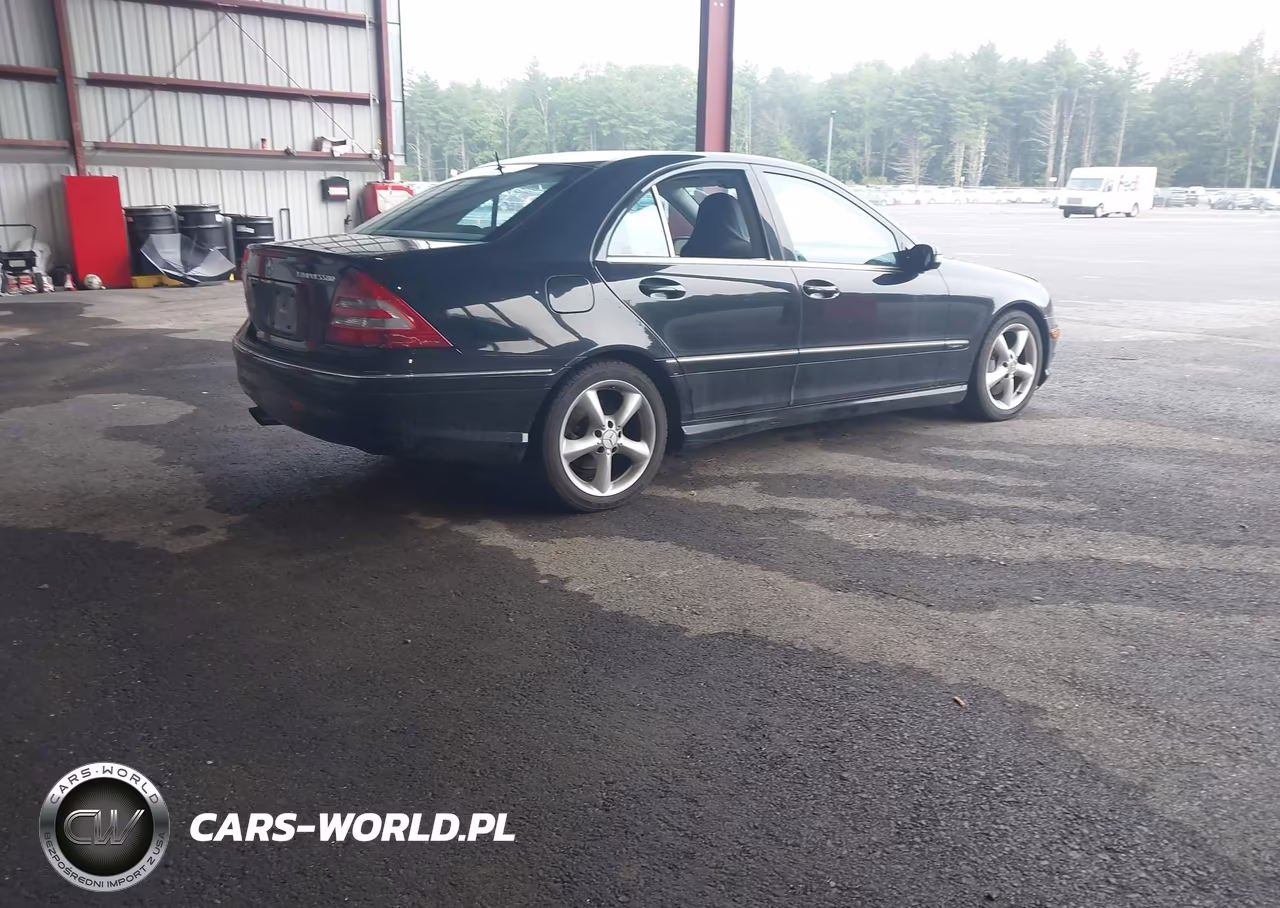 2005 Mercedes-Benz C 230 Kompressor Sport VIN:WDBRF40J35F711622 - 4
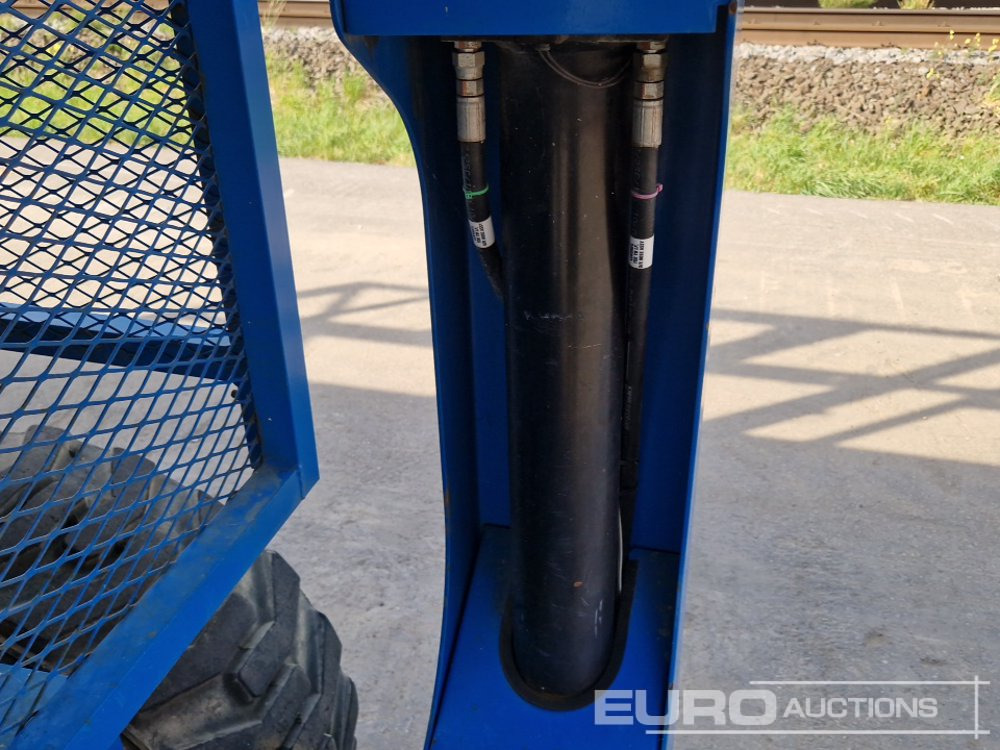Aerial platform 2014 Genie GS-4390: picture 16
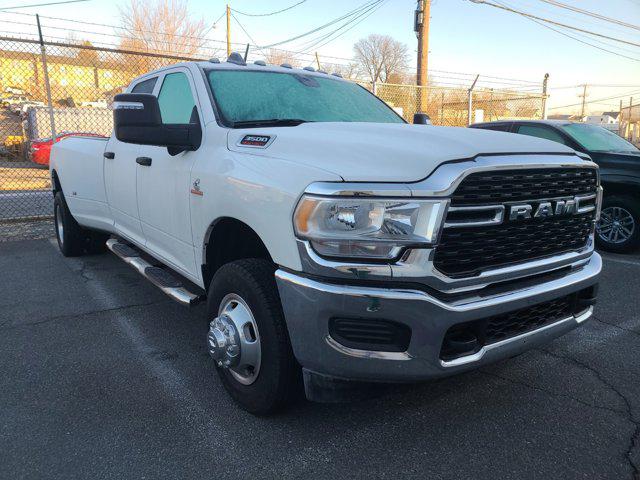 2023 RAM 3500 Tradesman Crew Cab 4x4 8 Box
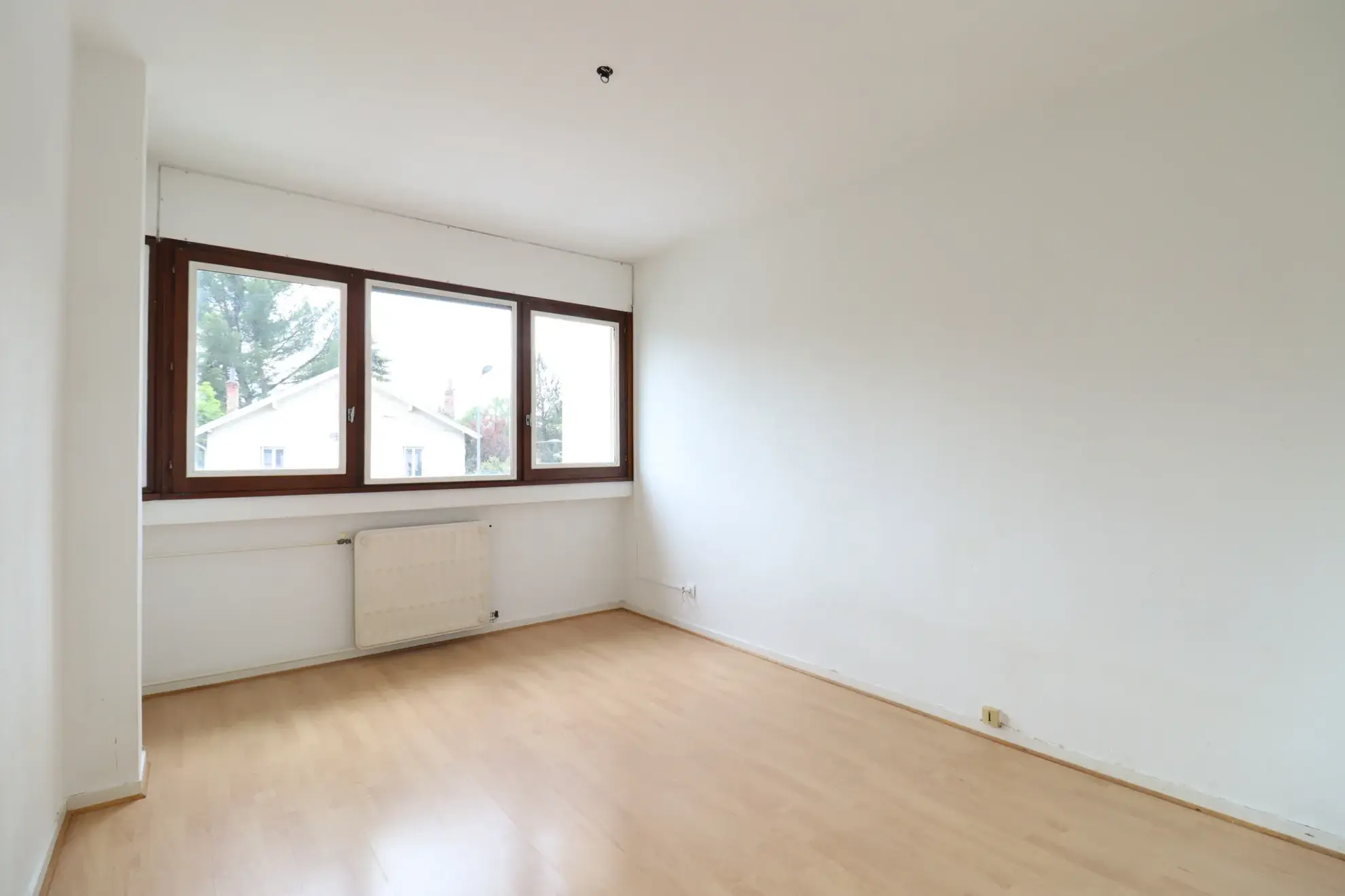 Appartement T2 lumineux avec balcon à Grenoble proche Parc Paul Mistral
* * *
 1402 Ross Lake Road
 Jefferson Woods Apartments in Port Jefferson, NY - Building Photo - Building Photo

*Directions for this task:*
Within the listing above, the lines from the one with "2005 Mercedes-Benz C" through the one with "Appartement T2 lumineux" are to be given again word for word. Do not include pictures.

*Response box:*
 2005 Mercedes-Benz C 230 Kompressor Sport VIN:WDBRF40J35F711622 - 4
Aerial platform 2014 Genie GS-4390: picture 16
 2023 RAM 3500 Tradesman Crew Cab 4x4 8 Box
 Appartement T2 lumineux avec balcon à Grenoble proche Parc Paul Mistral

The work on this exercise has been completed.